Judith L. St. Croix, the president of the Massachusetts Town Clerks Association and the town clerk of Wayland, said her organization did a detailed study of election day registration in 2004 and presented the findings to state officials. She said she has seen no efforts by Mr. Galvin to push for this reform.
In fact, she said she was surprised to read Mr. Galvin state in a newspaper interview that he wants to have this reform implemented by the November election. It would be nearly impossible for this to happen, she said. And it's clear Mr. Galvin is now saying this because Mr. Bonifaz has charged him with dragging his feet.
Surprised, indeed. As we know, Bill Galvin worked to block election day registration legislation last year. Town Clerks are the people who administer elections locally, and they studied election day registration in 2004 and asked the state to implement it. Galvin says he blocked it in 2005 because he thought we needed to study it first. Hmmm?

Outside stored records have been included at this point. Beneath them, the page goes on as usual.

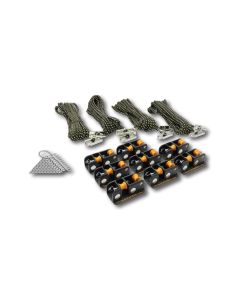 Doos STRAP2GO Classic, voor vaste montage (4 sets)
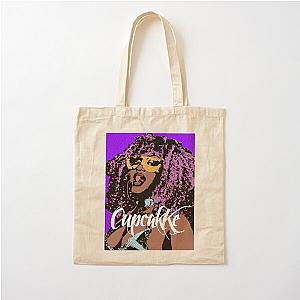 Cupcakke pop art Cotton Tote Bag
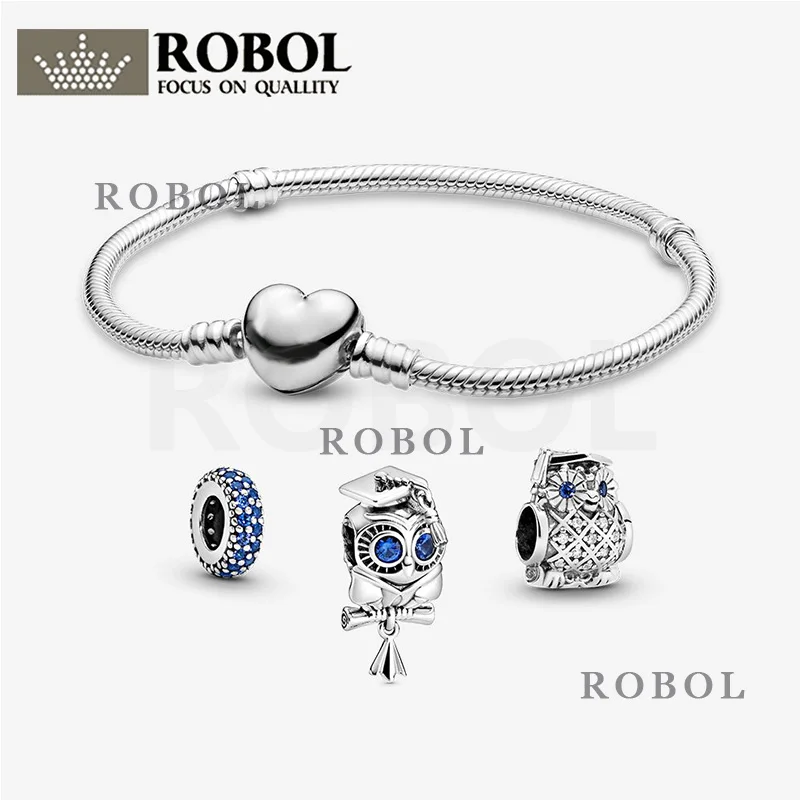 

Owls&BrillianceBraceletSet High Quality Boutique 925 Sterling Silver Bracelet 2020 Autumn New Exquisite Jewelry Free Shipping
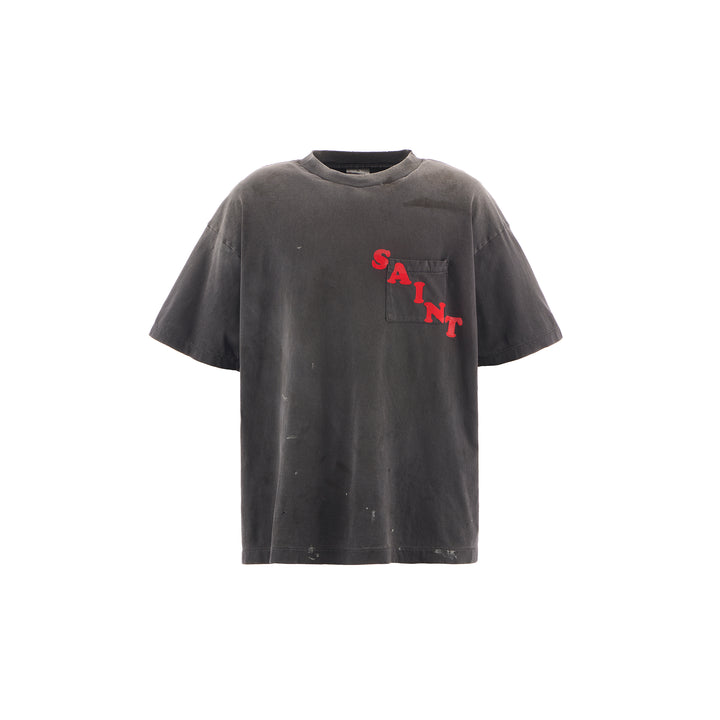 Saint Micheal Pocket SS Tee - Black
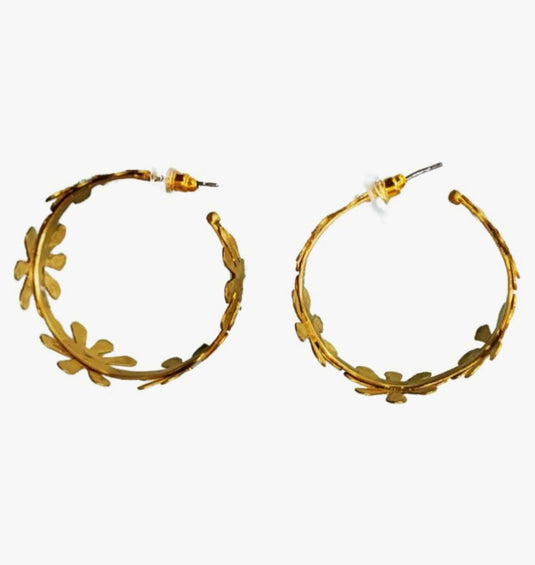 Golden Brass Fancy Earrings For Girl And women in Germany Namma Markt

As the president of the Town Clerks Association said to the New Bedford Standard Times, it's clear that Galvin is only saying this now because John Bonifaz is challenging him on it. Let's take that challenge to the ballot box on Tuesday: a vote for Bonifaz is a vote for getting it done.
Submitted by Fernando Olmo on Fri, 09/15/2006 - 9:22pm.
(Last month, I went to Connecticut to volunteer for Ned Lamont on election day. Standing outside the polling place that afternoon, I met a poll worker named Luis, taking a break. He told me that he'd been voting in Democratic primaries for a long time, but that day, he couldn't vote - he was listed as "unaffiliated", and CT doesn't allow unaffiliated voters to vote in primaries. I asked if he could cast a provisional ballot, but his English was not great and I'm not sure he understood. He didn't want to press the issue - he just wasn't going to vote in this election.
Later, I met an organizer named Juan, who told me the town we were in had a history. Several years ago, in a contested Democratic primary for first selectman, many voters with hispanic last names found that they were unaffiliated, even though they had registered as Democrats. It was happening again, it seemed. Juan suggested I speak to his friend Fernando, and after hearing his story, I invited him to write it down for us.
Same Day Registration is the solution to problems like this, although Bill Galvin doesn't like it. -- Ofer Inbar)
The Connecticut primary on August 8, 2006 displayed to the nation the showdown between the current Connecticut Democratic Senator Joe Lieberman and his challenger for Connecticut Ned Lamont; two different views on the war in Iraq. I felt that although it was only the primary it was just as important as voting in the November elections; I wanted to be one of the many I hoped would show up to vote to voice my discontent with the current Republican government and Joe Lieberman. By voting for Ned Lamont I and so many others would now have a say as to what course we want to take with regard to Iraq.
After work I picked up my mother from work and headed to our local voting station and reported to the voters list table only to discover that my name was not on the list!